__Assignment__: Copy the data that follows, exactly and completely.

__Given records__:
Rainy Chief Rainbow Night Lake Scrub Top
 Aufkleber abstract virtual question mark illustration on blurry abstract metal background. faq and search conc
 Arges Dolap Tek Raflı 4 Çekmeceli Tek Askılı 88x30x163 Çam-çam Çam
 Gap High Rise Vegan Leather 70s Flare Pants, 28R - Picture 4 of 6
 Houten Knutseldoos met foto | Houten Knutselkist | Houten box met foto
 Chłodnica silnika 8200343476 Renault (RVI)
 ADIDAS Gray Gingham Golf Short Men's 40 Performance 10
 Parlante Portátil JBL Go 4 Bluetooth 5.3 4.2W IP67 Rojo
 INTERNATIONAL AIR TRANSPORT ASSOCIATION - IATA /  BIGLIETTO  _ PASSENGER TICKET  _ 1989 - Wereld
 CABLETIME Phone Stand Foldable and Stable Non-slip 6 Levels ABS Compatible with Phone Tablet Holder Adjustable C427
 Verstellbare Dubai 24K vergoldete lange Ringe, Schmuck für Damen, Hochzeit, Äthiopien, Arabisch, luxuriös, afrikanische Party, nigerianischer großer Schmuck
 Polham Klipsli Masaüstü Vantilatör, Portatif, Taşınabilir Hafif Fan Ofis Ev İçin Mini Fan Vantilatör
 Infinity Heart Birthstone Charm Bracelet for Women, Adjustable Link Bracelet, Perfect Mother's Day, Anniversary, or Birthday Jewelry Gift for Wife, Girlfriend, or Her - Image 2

__Worked solution__:
Rainy Chief Rainbow Night Lake Scrub Top
 Aufkleber abstract virtual question mark illustration on blurry abstract metal background. faq and search conc
 Arges Dolap Tek Raflı 4 Çekmeceli Tek Askılı 88x30x163 Çam-çam Çam
 Gap High Rise Vegan Leather 70s Flare Pants, 28R - Picture 4 of 6
 Houten Knutseldoos met foto | Houten Knutselkist | Houten box met foto
 Chłodnica silnika 8200343476 Renault (RVI)
 ADIDAS Gray Gingham Golf Short Men's 40 Performance 10
 Parlante Portátil JBL Go 4 Bluetooth 5.3 4.2W IP67 Rojo
 INTERNATIONAL AIR TRANSPORT ASSOCIATION - IATA /  BIGLIETTO  _ PASSENGER TICKET  _ 1989 - Wereld
 CABLETIME Phone Stand Foldable and Stable Non-slip 6 Levels ABS Compatible with Phone Tablet Holder Adjustable C427
 Verstellbare Dubai 24K vergoldete lange Ringe, Schmuck für Damen, Hochzeit, Äthiopien, Arabisch, luxuriös, afrikanische Party, nigerianischer großer Schmuck
 Polham Klipsli Masaüstü Vantilatör, Portatif, Taşınabilir Hafif Fan Ofis Ev İçin Mini Fan Vantilatör
 Infinity Heart Birthstone Charm Bracelet for Women, Adjustable Link Bracelet, Perfect Mother's Day, Anniversary, or Birthday Jewelry Gift for Wife, Girlfriend, or Her - Image 2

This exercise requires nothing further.